Monday, January 5, 2009
11 Planets. David Aguilar, National Geographic Children's Books, 2008.
It's a geeky thing to admit, but I totally have a soft spot for the Harvard Smithsonian Center for Astrophysics.
Maybe it's because one of my college astronomy professors is married to a researcher there, and she took her students to visit the labs. Whatever the reason, I thought it was pretty cool that David Aguilar, a director at the CfA, is both the writer and illustrator of 11 Planets.
For a man who probably gets most of his images off the pixels of a CCD, Aguilar creates some beautiful drawings. He covers the eleven planets of the title, along with some other highlights of this solar system and a look at the solar systems that have only recently been discovered.

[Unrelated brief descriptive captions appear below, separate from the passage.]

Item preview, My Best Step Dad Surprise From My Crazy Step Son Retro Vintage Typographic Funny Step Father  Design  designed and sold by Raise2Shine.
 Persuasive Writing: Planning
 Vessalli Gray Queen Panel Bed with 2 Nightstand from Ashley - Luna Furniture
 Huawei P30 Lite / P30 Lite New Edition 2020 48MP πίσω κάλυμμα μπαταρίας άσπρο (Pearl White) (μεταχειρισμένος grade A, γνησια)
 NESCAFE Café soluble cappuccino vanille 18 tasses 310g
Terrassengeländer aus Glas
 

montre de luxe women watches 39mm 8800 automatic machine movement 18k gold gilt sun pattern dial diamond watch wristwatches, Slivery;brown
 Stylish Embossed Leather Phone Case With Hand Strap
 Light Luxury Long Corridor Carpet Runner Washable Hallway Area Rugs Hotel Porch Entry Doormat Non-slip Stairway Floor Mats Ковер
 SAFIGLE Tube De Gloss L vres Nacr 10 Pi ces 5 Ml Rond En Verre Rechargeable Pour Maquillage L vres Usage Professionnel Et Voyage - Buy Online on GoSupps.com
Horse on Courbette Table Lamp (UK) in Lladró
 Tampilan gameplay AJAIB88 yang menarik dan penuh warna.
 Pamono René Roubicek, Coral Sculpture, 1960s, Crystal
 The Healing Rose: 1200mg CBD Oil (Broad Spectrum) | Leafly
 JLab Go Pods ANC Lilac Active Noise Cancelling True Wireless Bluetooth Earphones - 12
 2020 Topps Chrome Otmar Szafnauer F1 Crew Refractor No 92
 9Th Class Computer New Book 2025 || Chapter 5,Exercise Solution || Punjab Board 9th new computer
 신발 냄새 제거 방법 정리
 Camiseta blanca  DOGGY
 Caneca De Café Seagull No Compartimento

If the title count seems off to you, there's a good chance you went through science class before the International Astronomical Union decided to make everyone's mnemonics obsolete. There are now, according to the IAU, which gets to make the rules for this sort of thing, eight full-fledged planets and three minor ones. The minor planets include the now-demoted Pluto, the large asteroid Ceres, and Eris, which had the even cooler name Xena until the official body decided to weigh in. The name they chose is hardly inappropriate, though: in Greek mythology, Eris' domain is discord.
11 Planets is a Cybils Middle Grade/YA Non-Fiction finalist.